Evidentemente, no todo el mundo compartía este entusiasmo por la
atribución a los municipios de la gestión de los servicios
públicos. La municipalización tuvo enconados detractores, como Lord
Avebury, que defendía con pasión su postura contraria a la
propiedad municipal de los servicios públicos. Para Lord Avebury,
los ayuntamientos ya tenían bastante con sus legítimas funciones y
obligaciones para ocupar todo su tiempo y sus energías.
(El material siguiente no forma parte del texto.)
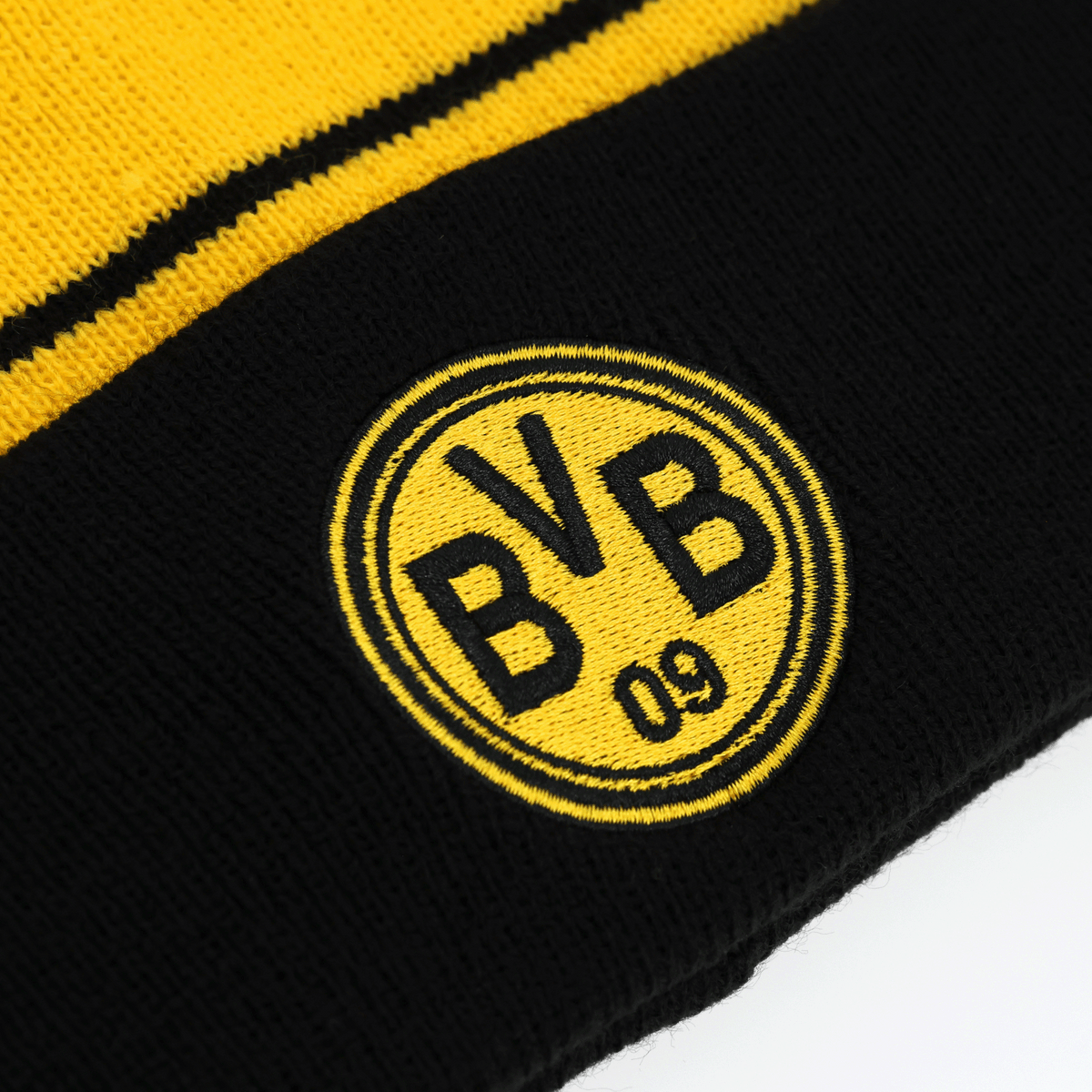 Primo piano di un berretto con pompon nero e giallo del BVB in stile retrò con il logo BVB-09 ben visibile, ideale per i tifosi del Borussia Dortmund.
A esto
había que añadir, en su opinión, el inmenso aumento de la deuda
municipal que estaba comportando, los engorrosos litigios en los
que los ayuntamientos se verían implicados, y una falta de estímulo
empresarial, que provocaría un constante incremento de las pérdidas
o los costes en estos negocios y sería en último extremo, un
impedimento para el progreso y los descubrimientos.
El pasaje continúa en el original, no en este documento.